Indian Rupee Holds Steady Amid Mixed Data
The Indian Rupee (INR) remains stable in Friday’s early European session after reaching an all-time low of 84.50 against the US Dollar (USD) in the previous session. The latest data released on Friday showed that the HSBC India Manufacturing Purchasing Managers Index (PMI) eased to 57.3 in November from the previous reading of 57.5. On the other hand, the Indian Services PMI improved to 59.2 in November from 58.5 in October. The local currency’s reaction to the mixed PMI data has been flat so far.
Factors Affecting the INR
- The significant sell-off in domestic equity markets
- Rebound in crude oil prices due to escalating geopolitical tensions between Russia and Ukraine
- Continued outflow of foreign funds
- Routine intervention from the Reserve Bank of India (RBI)
Despite the challenges, the RBI’s intervention and state-run banks offering USD in the market may help limit the INR’s losses. Traders are closely watching the flash US S&P Global Purchasing Managers Index (PMI) data and the final Michigan Consumer Sentiment report, both scheduled to be published later on Friday.

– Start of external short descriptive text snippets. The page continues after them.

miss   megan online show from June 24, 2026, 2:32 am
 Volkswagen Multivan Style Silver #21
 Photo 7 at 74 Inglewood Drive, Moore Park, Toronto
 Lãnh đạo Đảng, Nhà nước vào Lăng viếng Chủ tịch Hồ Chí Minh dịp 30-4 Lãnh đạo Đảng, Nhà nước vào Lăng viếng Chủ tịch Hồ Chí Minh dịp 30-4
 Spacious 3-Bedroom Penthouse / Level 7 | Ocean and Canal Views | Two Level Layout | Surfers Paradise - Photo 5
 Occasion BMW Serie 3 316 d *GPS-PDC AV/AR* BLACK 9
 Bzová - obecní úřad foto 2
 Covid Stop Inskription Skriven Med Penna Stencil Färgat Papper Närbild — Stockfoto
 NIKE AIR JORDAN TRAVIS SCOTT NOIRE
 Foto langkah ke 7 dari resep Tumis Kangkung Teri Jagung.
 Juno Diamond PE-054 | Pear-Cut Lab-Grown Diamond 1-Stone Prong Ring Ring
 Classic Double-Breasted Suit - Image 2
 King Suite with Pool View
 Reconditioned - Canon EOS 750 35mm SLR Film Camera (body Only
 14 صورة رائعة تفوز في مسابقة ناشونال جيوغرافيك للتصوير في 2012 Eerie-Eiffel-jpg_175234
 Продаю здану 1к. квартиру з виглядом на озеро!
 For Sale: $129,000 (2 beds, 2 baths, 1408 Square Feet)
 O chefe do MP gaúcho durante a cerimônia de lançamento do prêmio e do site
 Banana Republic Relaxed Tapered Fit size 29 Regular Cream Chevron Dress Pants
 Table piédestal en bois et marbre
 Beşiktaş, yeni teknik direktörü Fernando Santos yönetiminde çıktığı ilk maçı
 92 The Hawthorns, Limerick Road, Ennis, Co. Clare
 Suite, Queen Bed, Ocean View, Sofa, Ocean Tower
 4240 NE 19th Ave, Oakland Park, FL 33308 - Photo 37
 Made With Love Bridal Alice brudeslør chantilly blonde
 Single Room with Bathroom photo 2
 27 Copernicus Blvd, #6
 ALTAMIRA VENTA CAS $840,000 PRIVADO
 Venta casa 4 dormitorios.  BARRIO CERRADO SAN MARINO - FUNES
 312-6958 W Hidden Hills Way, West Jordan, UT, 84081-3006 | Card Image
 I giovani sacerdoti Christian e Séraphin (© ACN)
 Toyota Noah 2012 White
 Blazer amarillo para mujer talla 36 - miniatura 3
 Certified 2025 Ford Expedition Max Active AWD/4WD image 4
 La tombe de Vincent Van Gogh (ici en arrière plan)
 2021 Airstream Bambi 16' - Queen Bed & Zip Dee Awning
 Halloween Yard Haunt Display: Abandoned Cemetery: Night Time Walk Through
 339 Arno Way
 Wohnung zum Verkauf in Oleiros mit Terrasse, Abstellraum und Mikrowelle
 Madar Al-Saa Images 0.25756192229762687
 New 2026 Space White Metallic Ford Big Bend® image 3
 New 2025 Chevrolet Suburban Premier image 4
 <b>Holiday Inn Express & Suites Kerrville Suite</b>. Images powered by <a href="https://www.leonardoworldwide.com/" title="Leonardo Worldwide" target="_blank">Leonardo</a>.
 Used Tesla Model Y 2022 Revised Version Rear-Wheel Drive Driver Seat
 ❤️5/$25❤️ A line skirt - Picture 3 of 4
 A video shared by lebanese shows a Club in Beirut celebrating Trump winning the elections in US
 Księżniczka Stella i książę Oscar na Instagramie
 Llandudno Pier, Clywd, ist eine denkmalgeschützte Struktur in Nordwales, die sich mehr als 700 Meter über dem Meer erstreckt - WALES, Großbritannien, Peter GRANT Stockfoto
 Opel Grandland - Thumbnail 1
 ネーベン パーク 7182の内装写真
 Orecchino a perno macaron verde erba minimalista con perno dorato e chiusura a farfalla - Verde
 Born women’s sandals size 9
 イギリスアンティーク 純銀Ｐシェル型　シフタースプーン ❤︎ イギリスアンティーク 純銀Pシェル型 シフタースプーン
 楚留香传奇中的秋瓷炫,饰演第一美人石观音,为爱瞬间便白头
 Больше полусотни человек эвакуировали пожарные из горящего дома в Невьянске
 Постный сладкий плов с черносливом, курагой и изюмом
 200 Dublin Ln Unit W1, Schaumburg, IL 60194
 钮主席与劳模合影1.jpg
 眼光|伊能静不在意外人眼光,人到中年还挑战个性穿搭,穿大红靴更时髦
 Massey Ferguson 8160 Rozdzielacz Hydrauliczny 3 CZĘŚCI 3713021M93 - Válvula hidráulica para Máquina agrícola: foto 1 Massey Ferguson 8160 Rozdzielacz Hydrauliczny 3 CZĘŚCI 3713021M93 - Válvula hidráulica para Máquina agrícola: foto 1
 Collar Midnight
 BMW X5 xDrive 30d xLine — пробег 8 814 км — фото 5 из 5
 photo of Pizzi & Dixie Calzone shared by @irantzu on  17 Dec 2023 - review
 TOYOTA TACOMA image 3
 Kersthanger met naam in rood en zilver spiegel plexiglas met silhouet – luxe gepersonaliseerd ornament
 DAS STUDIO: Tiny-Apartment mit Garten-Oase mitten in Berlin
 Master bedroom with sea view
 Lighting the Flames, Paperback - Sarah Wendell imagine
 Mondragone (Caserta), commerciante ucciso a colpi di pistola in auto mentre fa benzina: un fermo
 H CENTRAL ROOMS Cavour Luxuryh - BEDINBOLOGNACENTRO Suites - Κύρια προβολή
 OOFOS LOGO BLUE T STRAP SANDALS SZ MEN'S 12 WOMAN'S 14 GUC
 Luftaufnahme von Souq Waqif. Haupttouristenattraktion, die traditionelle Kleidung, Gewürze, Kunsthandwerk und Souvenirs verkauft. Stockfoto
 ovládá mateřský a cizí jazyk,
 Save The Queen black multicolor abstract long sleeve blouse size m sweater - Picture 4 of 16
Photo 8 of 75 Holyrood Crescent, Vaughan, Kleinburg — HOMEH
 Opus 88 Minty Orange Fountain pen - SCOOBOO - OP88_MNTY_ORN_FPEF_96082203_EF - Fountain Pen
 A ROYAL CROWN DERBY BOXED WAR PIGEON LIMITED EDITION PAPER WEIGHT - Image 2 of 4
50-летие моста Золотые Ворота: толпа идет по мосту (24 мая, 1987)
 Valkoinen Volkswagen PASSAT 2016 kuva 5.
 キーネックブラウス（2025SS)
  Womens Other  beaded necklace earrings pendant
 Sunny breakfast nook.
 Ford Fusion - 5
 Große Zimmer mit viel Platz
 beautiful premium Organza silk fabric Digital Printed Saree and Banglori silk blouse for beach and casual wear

Analysis of Indian Rupee Vulnerability
- RBI Governor Shaktikanta Das emphasizes the importance of managing inflation while focusing on sustainable economic growth.
- Portfolio outflows, persistent USD demand, and concerns about an economic slowdown may lead to gradual depreciation of the INR.
- US economic indicators, such as Initial Jobless Claims and Existing Home Sales, impact global currency movements.
- Comments from Chicago Fed President Austan Goolsbee hint at potential changes in Fed rate cuts based on inflation trends.
USD/INR Outlook and Key Levels
The USD/INR pair is currently trading flat, capped under an ascending trend channel. Despite this, the overall outlook remains bullish as the price holds above the key 100-day Exponential Moving Average (EMA) on the daily chart. However, a bearish RSI divergence indicates potential selling pressure.
The key levels to watch are:
- Resistance at 84.50 and 85.00
- Support at 84.36, 84.00, and 83.90
RBI FAQs
Here are some frequently asked questions about the Reserve Bank of India (RBI) and its role in the economy:
- The RBI’s primary goal is to maintain price stability while promoting economic growth.
- The RBI adjusts interest rates at bi-monthly meetings to control inflation and support the Rupee.
- The RBI intervenes in FX markets to manage exchange rate volatility for importers and exporters.